DD200620B1 - METHOD FOR PRODUCING STABILIZED, WEIGHTED COPOLYMER DISPERSIONS - Google Patents

Description

Field of application of the invention

The invention relates to a process for the preparation of stable, aqueous copolymer dispersions by free-radically initiated emulsion polymerization. The dispersions are suitable for the production of water-resistant, weather-resistant coating and attachment systems on different substrates

Characteristic of the known technical solutions

The need to produce environmentally friendly coating systems is leading to a progressive reduction in the use of solventborne binders. The technically feasible and already widely used route is the use of aqueous dispersion binders prepared by known emulsion polymerization processes The stability of the disperse, metastable systems necessary for coating systems and their application requires the use of emulsifiers and stabilizers of the most varied types, including protective colloids

These known stabilizing agents are more or less water-soluble, have considerable hygroscopic properties, which is bound to their functionality necessary but they give the polymer film obtained from the dispersion usually undesirable water sensitivity

The amount of emulsifiers and stabilizers depends on their specific effectiveness, but also on the character of the polymer in a decisive manner on the particle size of the disperse system Thus, finely dispersed latexes require due to their high "inner surface" significantly higher amounts of surfactant to stabilize against mechanical or chemical stress as coarsely dispersed systems (OS 2608624)

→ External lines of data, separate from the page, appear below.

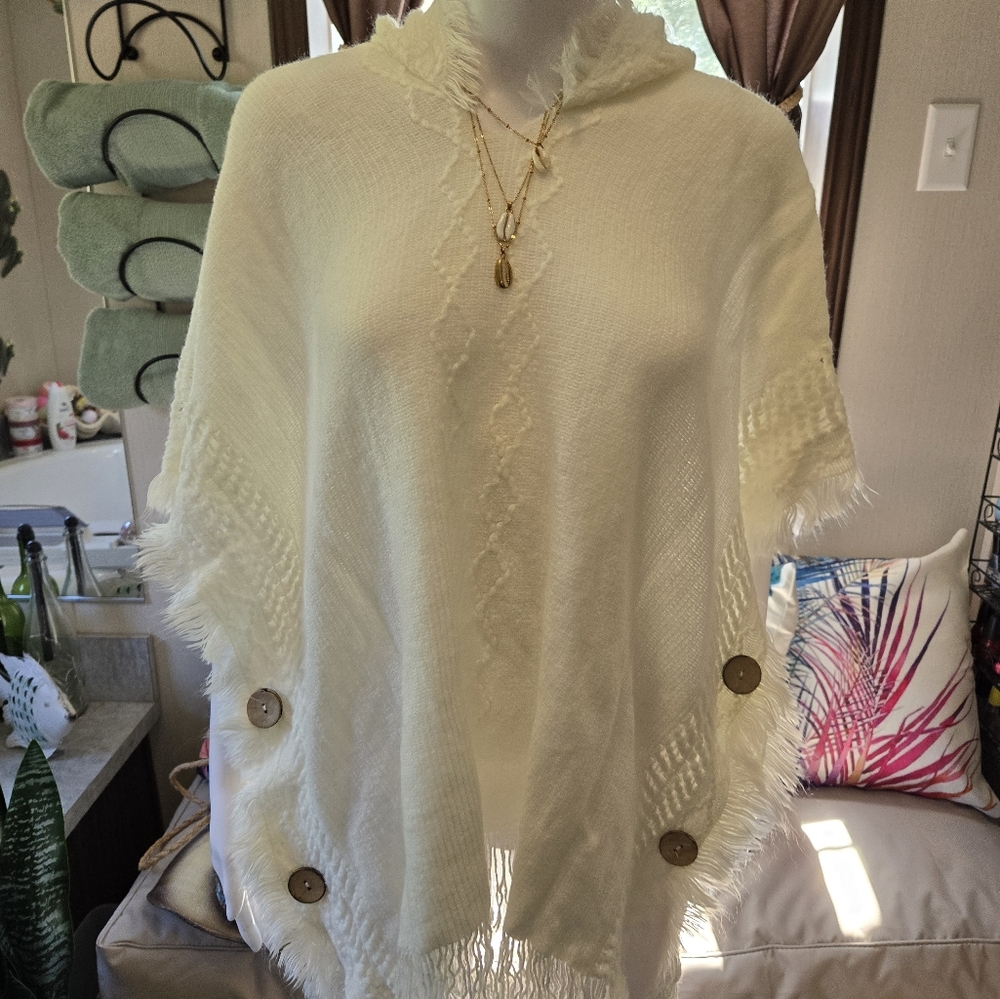 New! Beach Cover up Pullover Shawl(Coastal Couontry)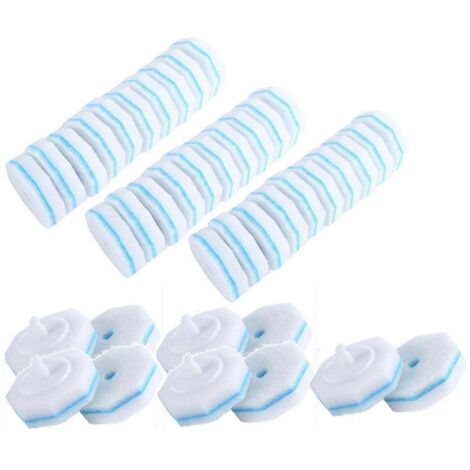 40 têtes de brosse de toilette jetables améliorées pour le nettoyage des toilettes (1/5)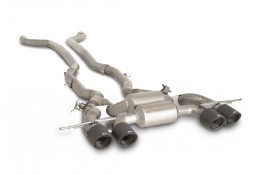 Ligne d'échappement Inox Cat-back (après catalyseurs secondaires) à valves REMUS pour BMW M2 G87 (2023+)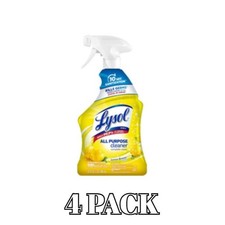 Lysol All Purpose Cleaner Spray, Multi-Purpose Disinfecting Spray PACK OF 4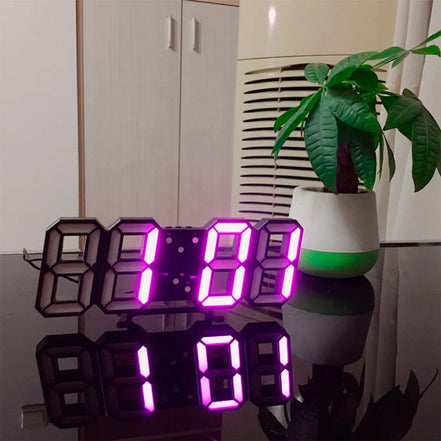 **Glone 3D LED Wall Clock – Modern Aesthetic with Customizable Lighting** 5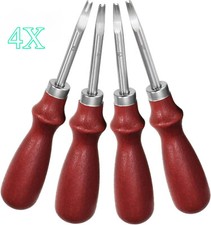 4PCS Edge Leather Skiver Tool Leather Beveler DIY Craft Beveler Cutting Beveling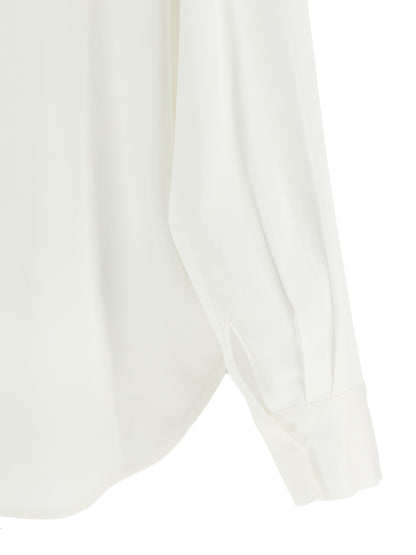 NUDE White Viscose Blouse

In addition, finely divided dispersions prepared by emulsion polymerization are produced by increased surfactant use (methods of organic chemistry, Houben-Weyl, Bd XIV / 1.1961, S 375, OS 2608624), ie the amount of emulsifier based on the polymer decreases in such cases In addition to the use of surfactants and protective colloids, there are a number of other known ways to ensure the stability of polymer dispersions

Thus, it is technically customary to use monomers having strongly hydrophilic groups in the polymerization as comonomers which impart considerable self-stabilization to the polymer particles, especially after the neutralization of the mostly acidic groups. Unsaturated polymerizable carboxylic acids, such as acrylic acid, methacrylic acid, itaconic acid, maleic acid or maleate monoester and vinyl sulfonate Examples thereof (OS 2608024, Methods of Organic Chemistry, Houben-Weyl, Bd XIV / 1, 1961, S 185-190)

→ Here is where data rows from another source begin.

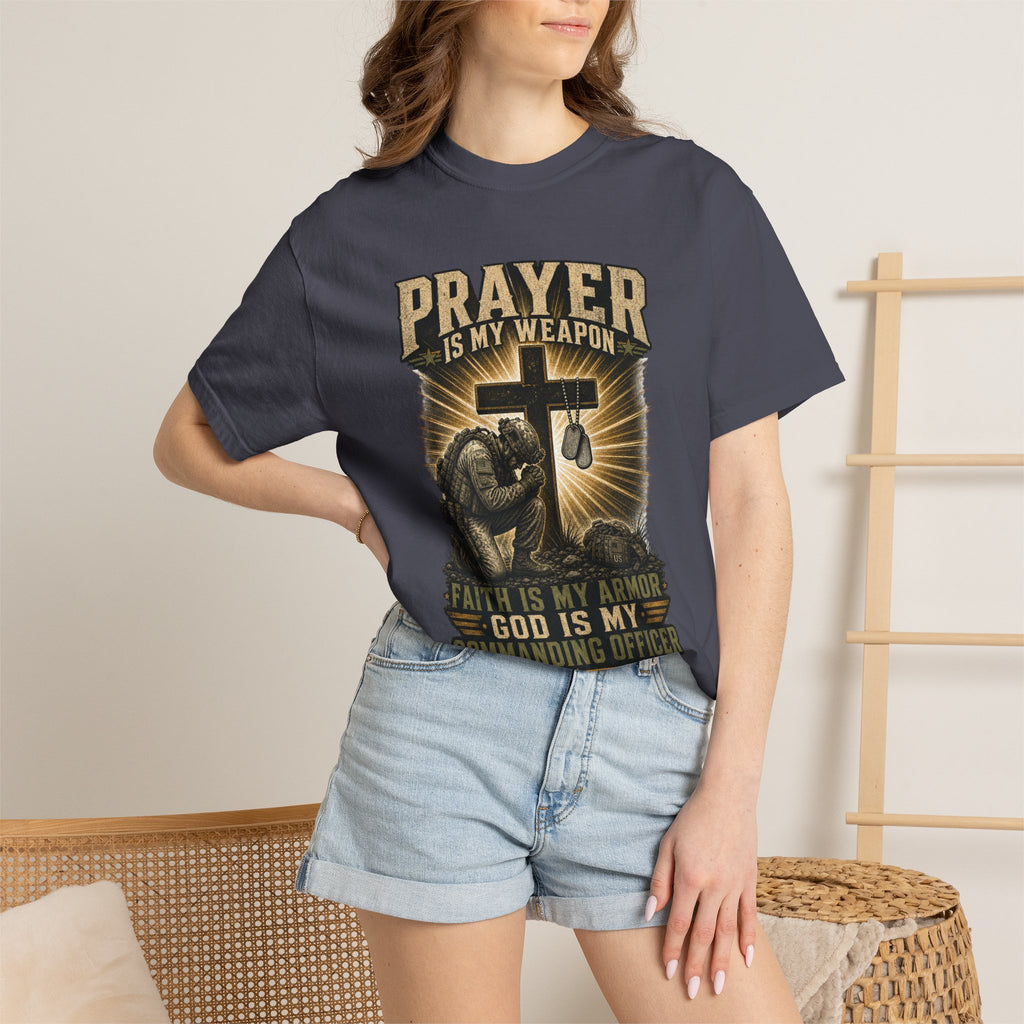 Prayer Is My Weapon Tee Shirt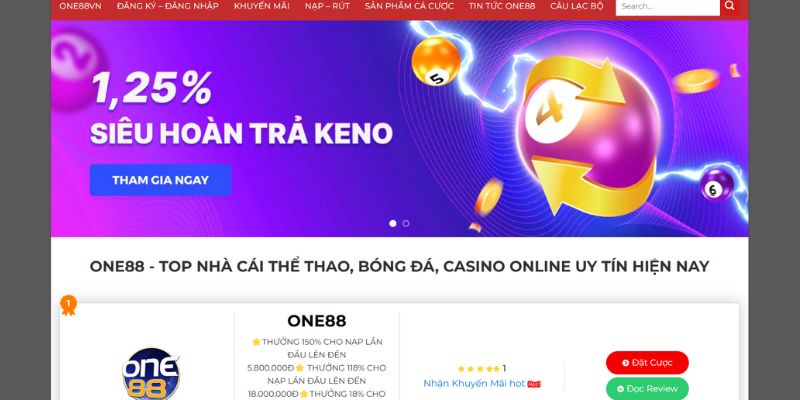 Cổng game uy tín ONE88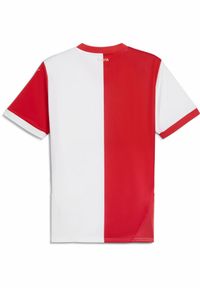 Puma - Męska koszulka domowa SK Slavia Praga 24/25 PUMA White Red. Kolor: biały, czerwony, wielokolorowy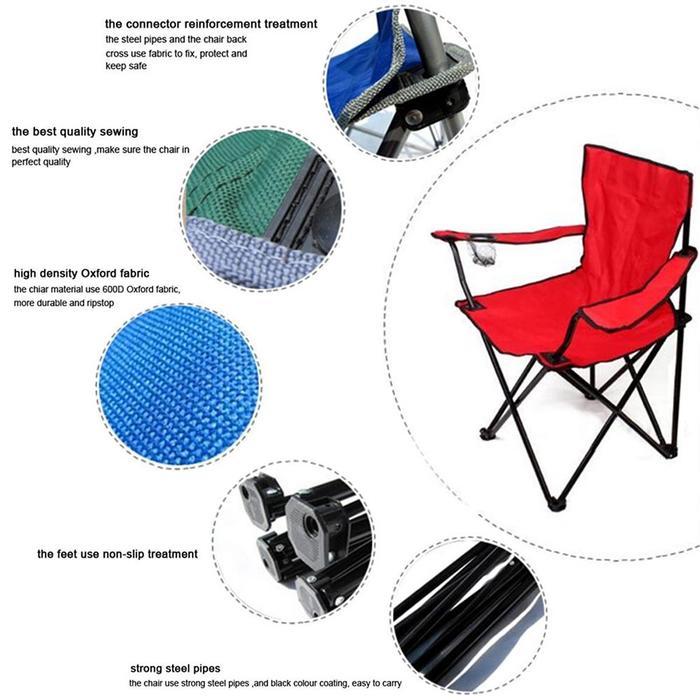 Eiger - Kursi Lipat Camping Outdoor Kursi Mancing Portable Travel Lengan Permanen Terakit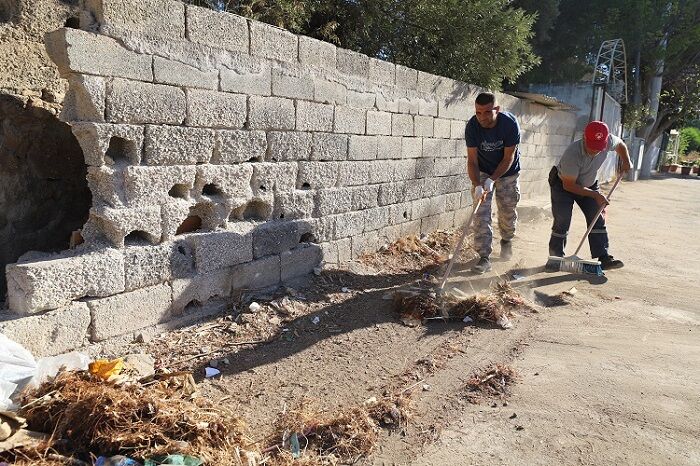 Gümüldür’de 42 Kişilik Ekip Sahaya Indi Sokak Sokak Temizlendi (1)
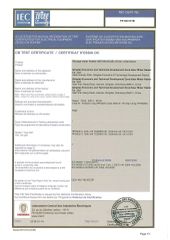 CB certificate from Qingdao Haier New Energy Appliance Co., Ltd.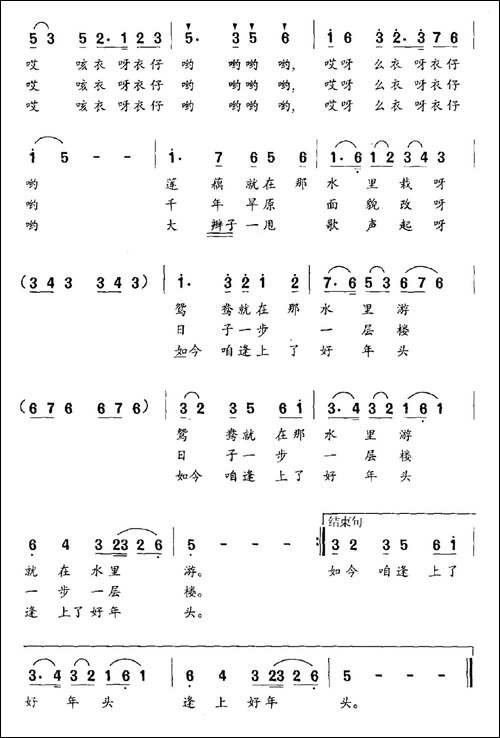 清凌凌的渠水哗啦啦地流-民歌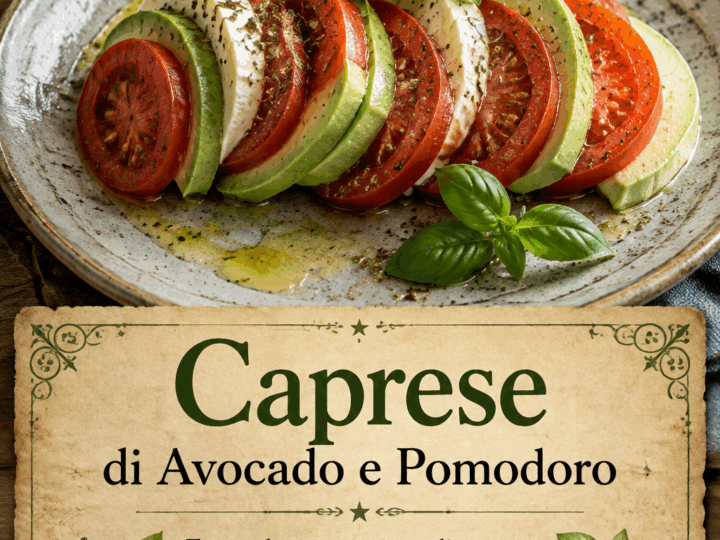 Caprese di Avocado e Pomodoro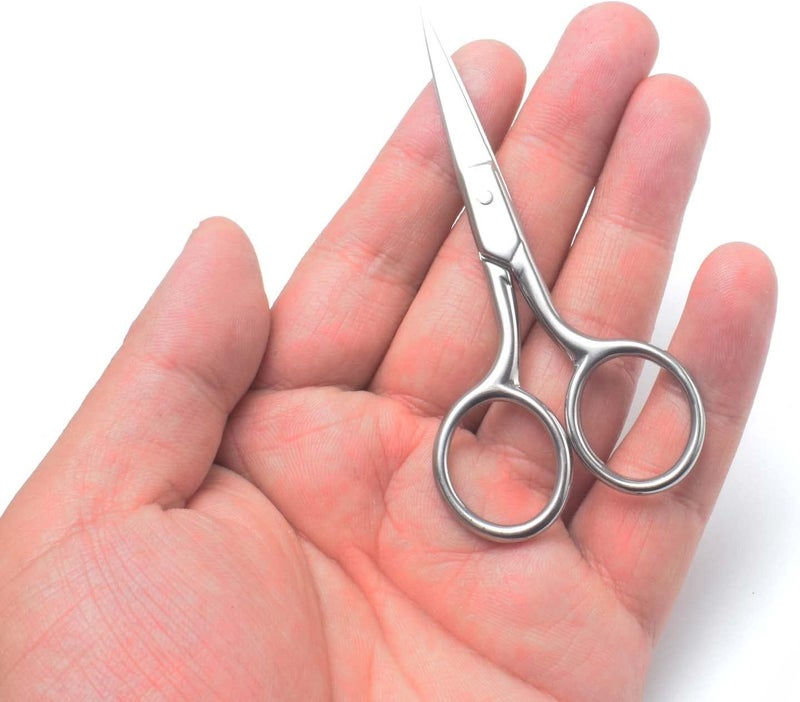 Classic modern blend design Professional Grooming Scissors for Personal Care Facial Hair Removal and Ear Nose Eyebrow Trimming Stainless Steel Fine Straight Tip Scissors Men Neat shape - Image 5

Modified procedures provide prepolymerization ζ B of acrylic acid in the polymerization reactor and subsequent polymerization of technically conventional monomer combinations oriented to the application (OS 2 365789, OS 2 538183).

A corresponding functionalization of the polymer, durch B by increased concentration of Kai ι u peroxid! Sulfate used as initiator is a possible way (B Jacobi, Angew Chem, 64, 1952, No 19/20, S 540, methods of organic chemistry , Houben-Weyl, Bd XIV / 1,1961, S 184)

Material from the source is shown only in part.